Sunday, June 03, 2007

A Castle-in-the-Air

Today was, as it should be, a day of rest. I got up late, showered, and then (after reading the end of one online novel and the beginning of another) played the piano for hours. During this session I didn't mind if I made mistakes, so I made hundreds of them, but got into the spirit of the pieces much more easily. Altogether this was very nearly one of my "genius" days. But in the end I played everything too quickly and carelessly, so I had to stop. It was also hard to play genuinely; I was thinking alternately self-satisfied and worried thoughts, which was not conducive to good music.

Tomorrow I will hopefully start properly studying on my own again, mostly in English and History. The inspiration for this is my internet research about Heidelberg; I now like the idea of studying there very much, and I've already looked up entrance requirements and so on. The ideal thing would, I think, be to take Englische Philologie and history (possibly Ur- und Frühgeschichte). One of the things that's nice about that is that my previous knowledge will help me so much here, which has not been the case much in school or university so far. I already know the English and French I'd need for the history programme, and some of the Latin I'd need for both programmes, and I've no objection to learning the third modern language that I'd need for the history programme. The problem is, of course, that the University of Heidelberg is an elite university and that I hardly qualify as a brilliant scholar. But I am sure that I would do very good work there, and I'd do what I can beforehand to make that more likely.
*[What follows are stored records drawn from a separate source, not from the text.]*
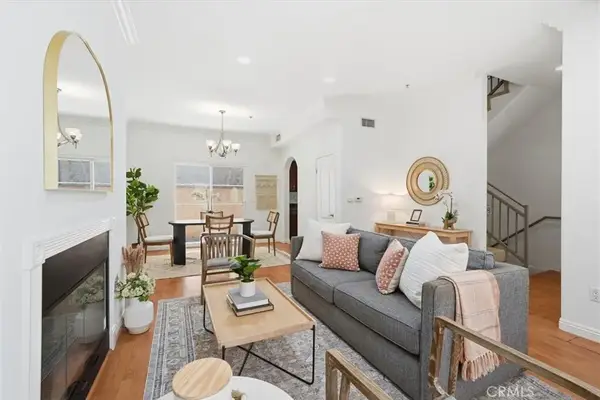 5719 Camellia #105, North Hollywood, CA 91601
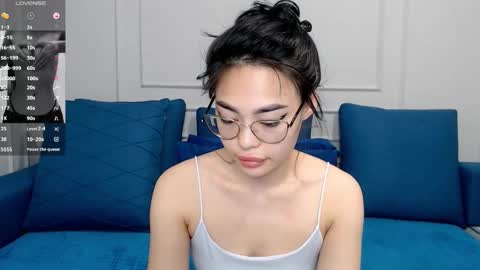 Snapshot of little_v1rgin_angel chatting on 02.28.25 Kwan online show from 02.28.25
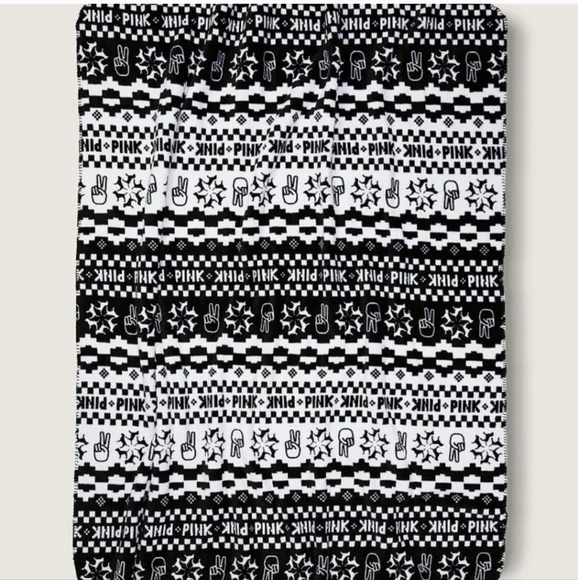 NWT VS "PINK" BLANKET - Picture 4 of 8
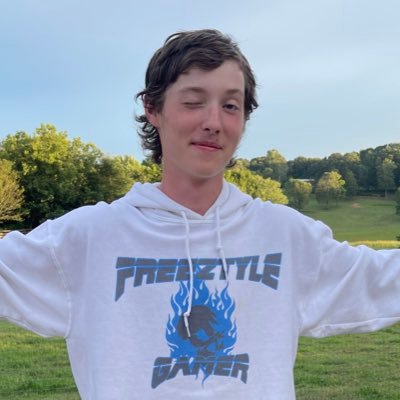 18 yr old content creator. I play Fortnite and speedrun Zelda. Affiliated with @drinkmidnight . https://t.co/yJerYr7sGI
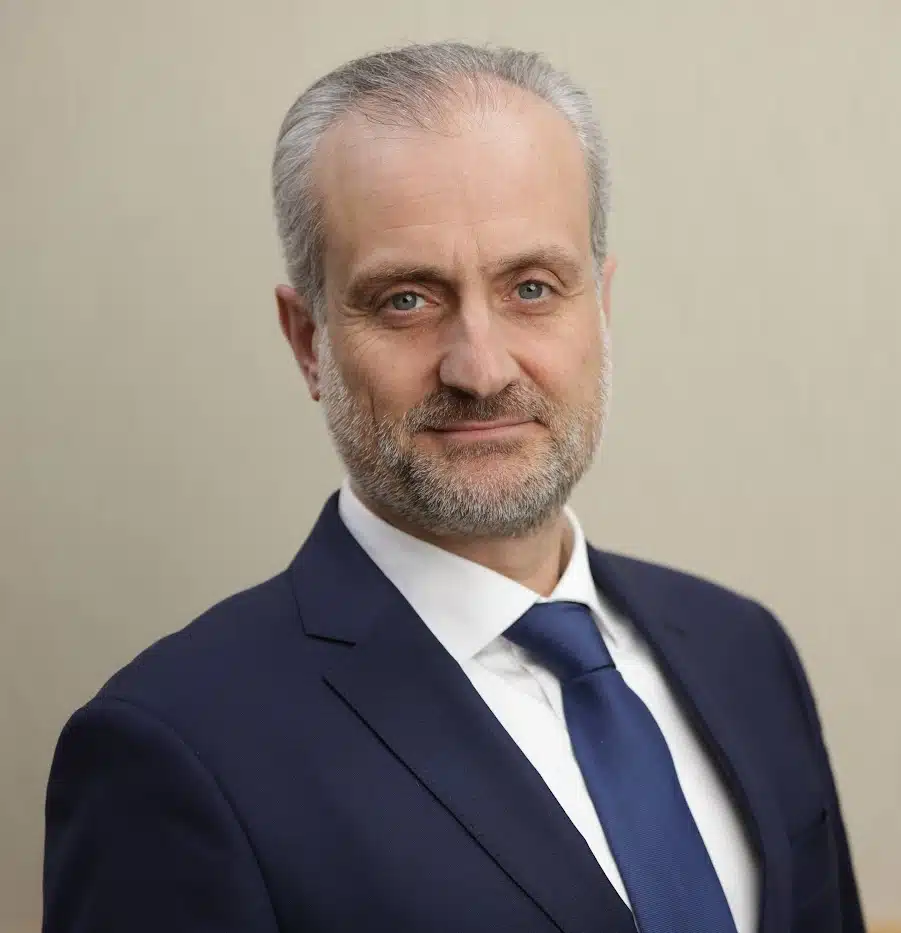 Д-р Эммануэль Навон  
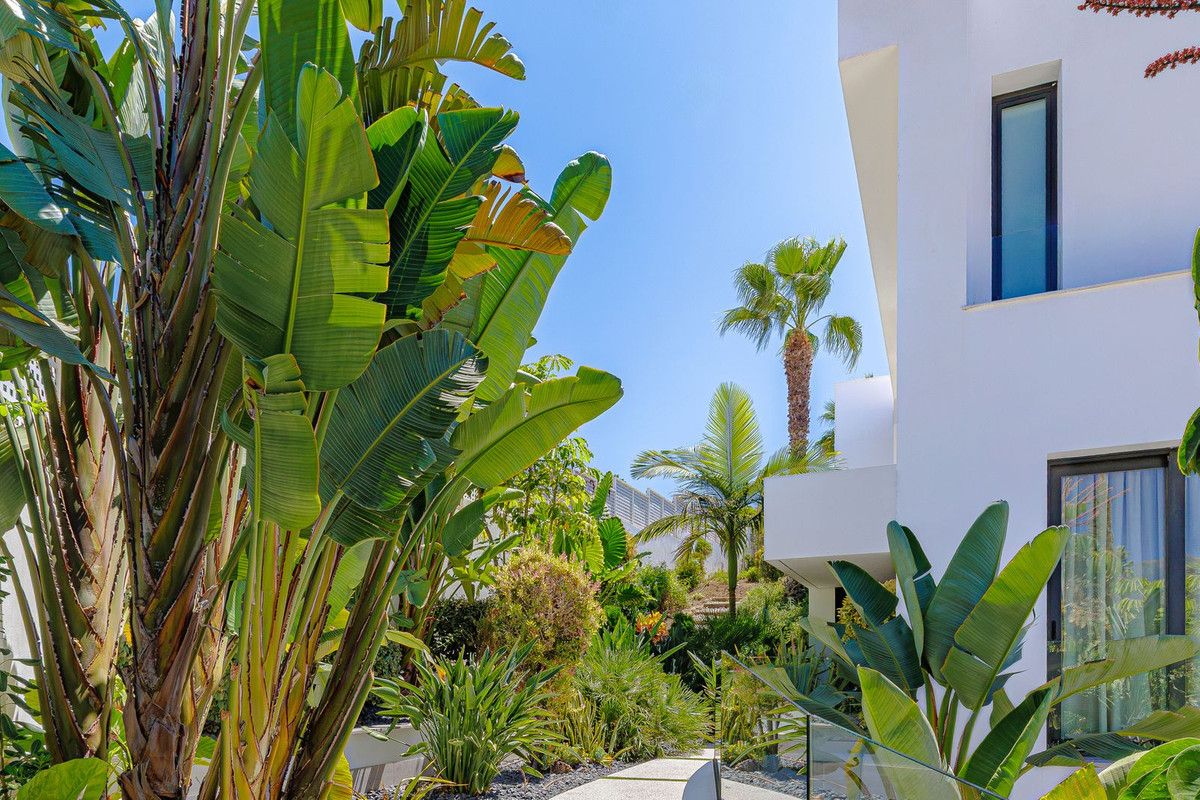 Detached Villa in El Paraiso, El Paraiso, 7/12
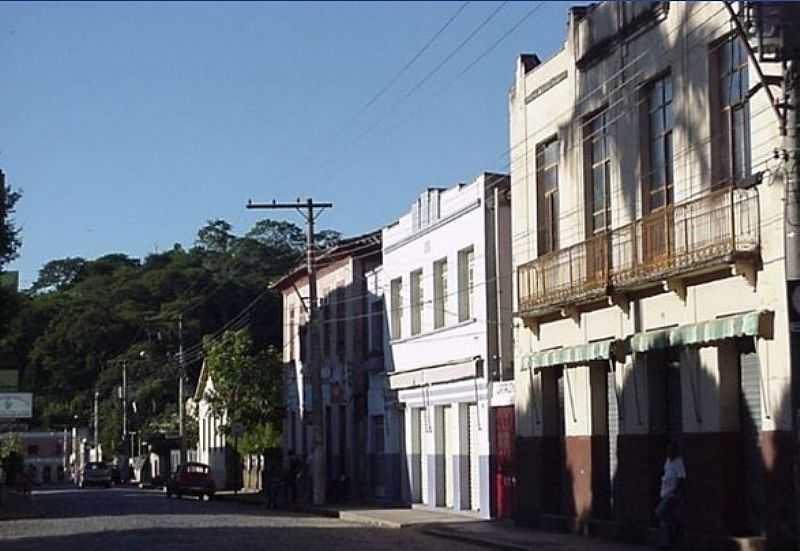 RIO CASCA-MG-CASARES NA AV.SENADOR CUPERTINO-FOTO:MEGATIMES.COM.BR  - RIO CASCA - MG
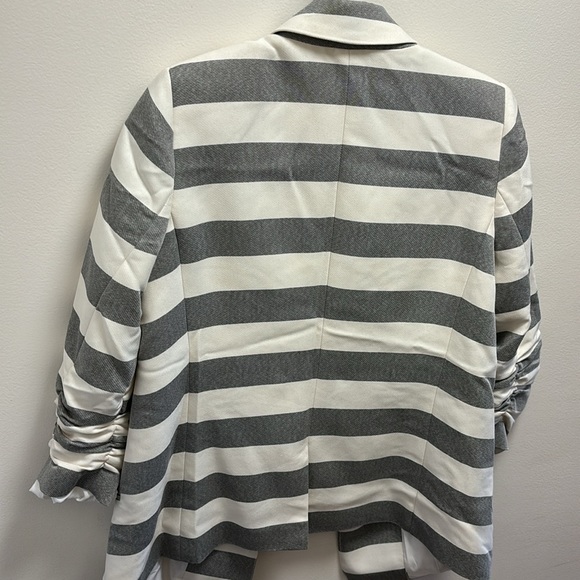 Jones New York blazer - Picture 2 of 6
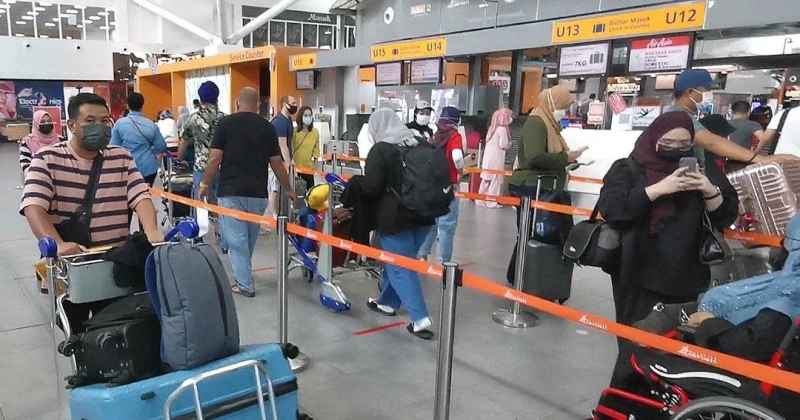 亞航周日國內航班二度展延　乘客：周一早晨才抵家妻上班遲到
One may well ask why I don't just go to one of the universities in and around Berlin. The thing is that the documents that I've read so far from the Freie Uni seem far more bent on narrowing down the number of applicants than on welcoming them; of course there are thousands upon thousands of applicants, of which only a seventh are accepted, but once this fact is clear one doesn't have to be unfriendly about it. And I don't feel like going to the Humboldt Uni; I'm not sure why. Perhaps studying out in Baden-Württemberg simply seems more adventurous, and, I think, more challenging. There is a line in Tennyson, "We needs must love the highest when we see it," which accurately expresses my feelings in this case. I know it's not sensible, but until I see a good reason against it, that's how I feel. As for the boarding-money, I am quite prepared to get a job to be able to pay it (I have no intention of getting a student housing loan, affectionately known here as BAföG, because I don't want to study with a sword of Damocles hanging over me). Finally, as for waiting a year or two to get in, I'm sure that I am ready for that too.

Anyway, even if all of this dreaming comes to nothing, I have something to work toward, and be hopeful about. And as I dream I can prod my mind into some semblance of activity again.